WORK TO COMPLETE: Using the records below, quote only the span that opens with the line containing "used 2015 BMW i8 car, priced at $47,193" and closes with the line containing "Elektra #003 Running", exactly and inclusively.

LISTED ENTRIES:
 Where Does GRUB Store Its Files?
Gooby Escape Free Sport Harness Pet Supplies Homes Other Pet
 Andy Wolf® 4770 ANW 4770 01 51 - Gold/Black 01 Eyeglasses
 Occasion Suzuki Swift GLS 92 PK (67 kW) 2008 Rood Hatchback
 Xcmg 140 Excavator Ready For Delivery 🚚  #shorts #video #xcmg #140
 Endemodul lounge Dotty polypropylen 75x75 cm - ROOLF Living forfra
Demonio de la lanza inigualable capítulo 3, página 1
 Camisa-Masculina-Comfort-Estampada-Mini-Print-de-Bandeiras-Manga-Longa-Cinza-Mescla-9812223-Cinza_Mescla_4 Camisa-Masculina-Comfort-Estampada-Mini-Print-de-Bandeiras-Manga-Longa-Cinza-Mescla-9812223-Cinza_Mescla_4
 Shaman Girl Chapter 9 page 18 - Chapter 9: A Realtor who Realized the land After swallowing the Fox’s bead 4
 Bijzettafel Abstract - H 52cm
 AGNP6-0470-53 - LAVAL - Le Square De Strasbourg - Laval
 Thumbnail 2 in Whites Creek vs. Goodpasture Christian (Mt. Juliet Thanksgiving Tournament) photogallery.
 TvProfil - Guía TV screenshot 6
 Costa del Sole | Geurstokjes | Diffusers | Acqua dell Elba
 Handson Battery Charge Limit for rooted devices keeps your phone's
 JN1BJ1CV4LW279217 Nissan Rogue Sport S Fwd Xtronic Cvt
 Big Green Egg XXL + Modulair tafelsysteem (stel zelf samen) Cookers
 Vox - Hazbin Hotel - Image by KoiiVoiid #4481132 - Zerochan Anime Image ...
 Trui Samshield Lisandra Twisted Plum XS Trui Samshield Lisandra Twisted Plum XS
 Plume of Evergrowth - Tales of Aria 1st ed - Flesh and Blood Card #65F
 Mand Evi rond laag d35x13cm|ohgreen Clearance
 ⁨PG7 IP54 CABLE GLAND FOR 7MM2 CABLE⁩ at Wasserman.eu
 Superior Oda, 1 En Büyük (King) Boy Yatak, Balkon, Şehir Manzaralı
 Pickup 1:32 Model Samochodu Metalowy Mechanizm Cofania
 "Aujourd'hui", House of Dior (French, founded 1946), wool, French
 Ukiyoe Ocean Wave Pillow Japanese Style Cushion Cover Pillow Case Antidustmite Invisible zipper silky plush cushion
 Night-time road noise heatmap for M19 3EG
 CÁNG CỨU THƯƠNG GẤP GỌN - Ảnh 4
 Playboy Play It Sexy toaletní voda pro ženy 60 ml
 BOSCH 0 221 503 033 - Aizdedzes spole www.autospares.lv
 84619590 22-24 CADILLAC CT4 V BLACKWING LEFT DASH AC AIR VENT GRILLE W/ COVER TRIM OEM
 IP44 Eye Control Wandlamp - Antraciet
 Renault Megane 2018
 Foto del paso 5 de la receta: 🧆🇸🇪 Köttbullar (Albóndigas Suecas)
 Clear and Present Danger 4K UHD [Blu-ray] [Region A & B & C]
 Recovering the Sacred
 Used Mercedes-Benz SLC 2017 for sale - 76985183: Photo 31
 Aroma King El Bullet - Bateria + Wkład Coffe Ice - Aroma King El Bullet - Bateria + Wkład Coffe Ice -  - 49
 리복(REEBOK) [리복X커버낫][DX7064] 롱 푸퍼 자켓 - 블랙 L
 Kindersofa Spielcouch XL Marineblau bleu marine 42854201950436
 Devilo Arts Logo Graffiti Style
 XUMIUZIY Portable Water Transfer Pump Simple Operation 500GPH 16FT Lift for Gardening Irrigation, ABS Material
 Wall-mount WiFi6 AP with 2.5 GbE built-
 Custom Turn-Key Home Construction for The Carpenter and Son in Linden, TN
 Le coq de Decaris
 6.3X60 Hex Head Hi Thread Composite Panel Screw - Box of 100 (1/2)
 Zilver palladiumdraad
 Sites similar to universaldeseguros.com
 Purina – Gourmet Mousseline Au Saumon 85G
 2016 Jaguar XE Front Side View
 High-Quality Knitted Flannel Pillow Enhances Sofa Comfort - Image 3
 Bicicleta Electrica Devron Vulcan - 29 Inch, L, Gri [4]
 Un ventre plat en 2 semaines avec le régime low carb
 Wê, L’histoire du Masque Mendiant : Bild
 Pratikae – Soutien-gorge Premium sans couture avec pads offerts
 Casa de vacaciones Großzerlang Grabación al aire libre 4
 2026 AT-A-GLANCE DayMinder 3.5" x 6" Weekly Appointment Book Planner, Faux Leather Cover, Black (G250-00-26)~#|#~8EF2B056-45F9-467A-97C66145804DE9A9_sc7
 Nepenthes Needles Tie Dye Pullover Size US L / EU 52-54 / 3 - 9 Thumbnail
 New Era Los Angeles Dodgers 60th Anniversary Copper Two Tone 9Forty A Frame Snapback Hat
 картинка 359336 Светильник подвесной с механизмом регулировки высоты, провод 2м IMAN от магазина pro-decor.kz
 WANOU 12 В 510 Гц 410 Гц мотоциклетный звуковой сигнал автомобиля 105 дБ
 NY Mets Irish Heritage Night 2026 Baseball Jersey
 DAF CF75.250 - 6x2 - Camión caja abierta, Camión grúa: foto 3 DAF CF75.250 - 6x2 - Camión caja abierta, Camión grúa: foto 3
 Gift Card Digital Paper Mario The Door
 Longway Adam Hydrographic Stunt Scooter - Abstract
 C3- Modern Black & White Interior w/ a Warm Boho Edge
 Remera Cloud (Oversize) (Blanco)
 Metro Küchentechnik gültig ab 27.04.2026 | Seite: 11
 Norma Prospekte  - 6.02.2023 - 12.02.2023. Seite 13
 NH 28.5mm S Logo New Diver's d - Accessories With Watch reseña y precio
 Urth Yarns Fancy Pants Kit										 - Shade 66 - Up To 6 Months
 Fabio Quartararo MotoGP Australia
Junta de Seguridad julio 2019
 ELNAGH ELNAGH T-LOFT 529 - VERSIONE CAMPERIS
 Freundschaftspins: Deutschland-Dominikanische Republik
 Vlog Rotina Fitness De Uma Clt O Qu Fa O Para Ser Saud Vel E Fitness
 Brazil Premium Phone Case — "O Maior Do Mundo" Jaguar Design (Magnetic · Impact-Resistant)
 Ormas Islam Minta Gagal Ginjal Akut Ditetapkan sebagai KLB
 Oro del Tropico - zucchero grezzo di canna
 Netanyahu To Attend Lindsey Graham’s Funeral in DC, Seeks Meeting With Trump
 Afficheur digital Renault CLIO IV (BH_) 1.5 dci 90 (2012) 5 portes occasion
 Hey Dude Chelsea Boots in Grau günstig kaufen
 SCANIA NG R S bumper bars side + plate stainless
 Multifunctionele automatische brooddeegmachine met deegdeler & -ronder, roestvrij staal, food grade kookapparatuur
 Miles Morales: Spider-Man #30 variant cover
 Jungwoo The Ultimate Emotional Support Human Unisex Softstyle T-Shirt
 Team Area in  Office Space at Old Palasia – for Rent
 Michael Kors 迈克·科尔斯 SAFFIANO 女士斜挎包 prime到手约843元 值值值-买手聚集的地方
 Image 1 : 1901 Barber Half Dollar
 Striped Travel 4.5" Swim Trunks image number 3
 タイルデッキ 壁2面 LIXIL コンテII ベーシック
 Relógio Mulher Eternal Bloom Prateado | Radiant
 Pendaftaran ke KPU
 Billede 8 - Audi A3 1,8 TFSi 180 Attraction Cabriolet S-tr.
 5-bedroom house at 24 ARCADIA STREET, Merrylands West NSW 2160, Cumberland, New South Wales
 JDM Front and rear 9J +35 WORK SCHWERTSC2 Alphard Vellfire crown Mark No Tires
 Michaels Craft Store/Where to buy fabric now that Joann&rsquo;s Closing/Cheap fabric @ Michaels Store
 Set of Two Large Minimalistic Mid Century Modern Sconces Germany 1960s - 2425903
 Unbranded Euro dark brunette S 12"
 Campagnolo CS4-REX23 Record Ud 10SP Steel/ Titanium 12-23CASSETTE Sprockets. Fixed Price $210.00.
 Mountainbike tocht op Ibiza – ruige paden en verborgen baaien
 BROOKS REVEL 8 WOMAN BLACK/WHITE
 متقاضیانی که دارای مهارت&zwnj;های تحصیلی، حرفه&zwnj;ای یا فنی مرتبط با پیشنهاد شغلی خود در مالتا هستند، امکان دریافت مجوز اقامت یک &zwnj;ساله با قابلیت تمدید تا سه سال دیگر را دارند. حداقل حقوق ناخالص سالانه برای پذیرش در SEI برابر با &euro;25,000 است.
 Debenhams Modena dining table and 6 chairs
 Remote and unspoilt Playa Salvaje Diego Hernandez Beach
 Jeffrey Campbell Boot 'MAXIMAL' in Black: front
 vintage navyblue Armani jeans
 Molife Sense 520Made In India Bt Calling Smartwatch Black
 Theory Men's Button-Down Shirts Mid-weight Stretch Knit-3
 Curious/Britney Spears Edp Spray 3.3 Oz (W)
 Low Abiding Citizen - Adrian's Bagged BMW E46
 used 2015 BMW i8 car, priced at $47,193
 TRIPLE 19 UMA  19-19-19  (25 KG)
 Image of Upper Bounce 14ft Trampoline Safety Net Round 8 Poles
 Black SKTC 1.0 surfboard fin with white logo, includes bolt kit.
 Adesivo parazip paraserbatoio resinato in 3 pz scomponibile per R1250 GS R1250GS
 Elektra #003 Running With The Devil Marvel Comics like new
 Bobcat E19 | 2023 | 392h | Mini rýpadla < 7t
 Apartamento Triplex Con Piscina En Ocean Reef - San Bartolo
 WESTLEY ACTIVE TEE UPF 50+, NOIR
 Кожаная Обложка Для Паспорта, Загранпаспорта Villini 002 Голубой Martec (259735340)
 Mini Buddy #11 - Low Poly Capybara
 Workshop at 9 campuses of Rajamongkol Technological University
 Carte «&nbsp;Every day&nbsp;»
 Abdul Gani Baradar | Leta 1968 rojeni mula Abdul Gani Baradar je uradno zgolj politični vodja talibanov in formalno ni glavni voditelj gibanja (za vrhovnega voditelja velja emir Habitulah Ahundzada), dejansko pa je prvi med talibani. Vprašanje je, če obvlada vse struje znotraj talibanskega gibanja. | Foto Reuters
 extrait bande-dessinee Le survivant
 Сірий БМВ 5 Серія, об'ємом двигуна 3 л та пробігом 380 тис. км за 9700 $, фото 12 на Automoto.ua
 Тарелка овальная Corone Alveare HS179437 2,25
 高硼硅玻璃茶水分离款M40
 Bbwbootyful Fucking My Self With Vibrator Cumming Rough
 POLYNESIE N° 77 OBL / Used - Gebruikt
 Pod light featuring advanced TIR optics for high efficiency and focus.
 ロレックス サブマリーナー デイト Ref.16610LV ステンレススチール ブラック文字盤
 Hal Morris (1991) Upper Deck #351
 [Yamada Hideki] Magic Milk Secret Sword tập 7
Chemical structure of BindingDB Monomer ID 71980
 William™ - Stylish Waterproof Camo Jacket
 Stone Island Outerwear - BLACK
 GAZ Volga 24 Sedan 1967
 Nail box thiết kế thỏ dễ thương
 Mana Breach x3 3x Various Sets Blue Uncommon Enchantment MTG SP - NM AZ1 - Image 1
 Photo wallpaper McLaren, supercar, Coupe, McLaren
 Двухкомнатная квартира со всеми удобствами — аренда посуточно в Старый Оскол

RESULT OF THIS EXERCISE:
 used 2015 BMW i8 car, priced at $47,193
 TRIPLE 19 UMA  19-19-19  (25 KG)
 Image of Upper Bounce 14ft Trampoline Safety Net Round 8 Poles
 Black SKTC 1.0 surfboard fin with white logo, includes bolt kit.
 Adesivo parazip paraserbatoio resinato in 3 pz scomponibile per R1250 GS R1250GS
 Elektra #003 Running With The Devil Marvel Comics like new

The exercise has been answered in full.